▶ [WHAT IS NEEDED]: Copy out the data below as written; omit any images.

▶ [DATASET EXCERPT]:

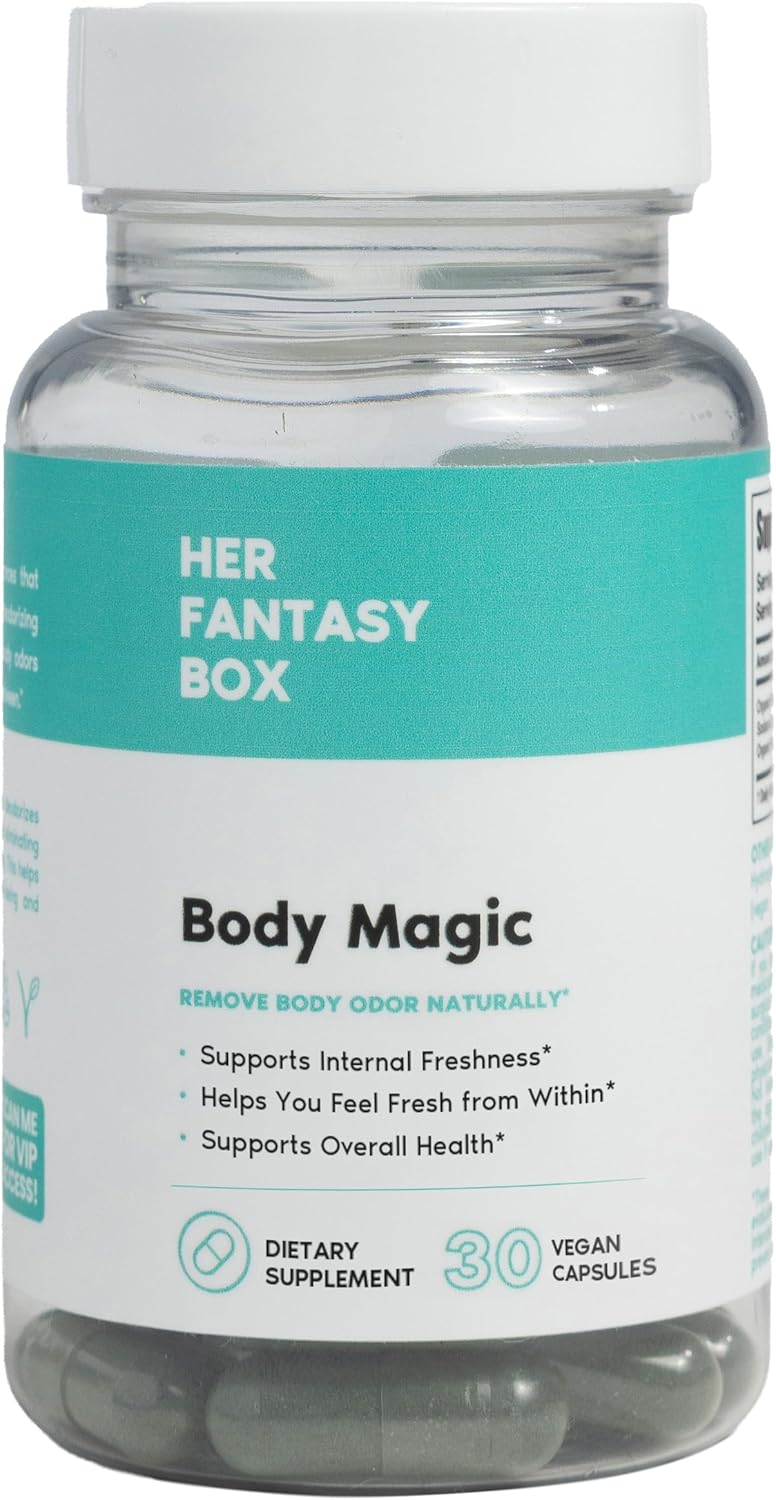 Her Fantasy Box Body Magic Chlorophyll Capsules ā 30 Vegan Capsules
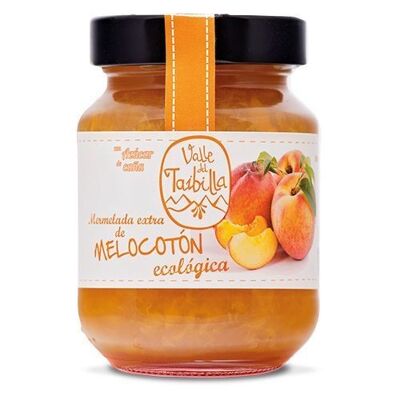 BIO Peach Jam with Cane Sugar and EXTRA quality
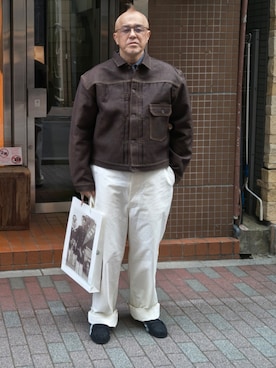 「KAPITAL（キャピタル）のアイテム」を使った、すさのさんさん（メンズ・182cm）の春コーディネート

▶ [REPLY TO THE EXERCISE]:
 Her Fantasy Box Body Magic Chlorophyll Capsules ā 30 Vegan Capsules
 BIO Peach Jam with Cane Sugar and EXTRA quality
 「KAPITAL（キャピタル）のアイテム」を使った、すさのさんさん（メンズ・182cm）の春コーディネート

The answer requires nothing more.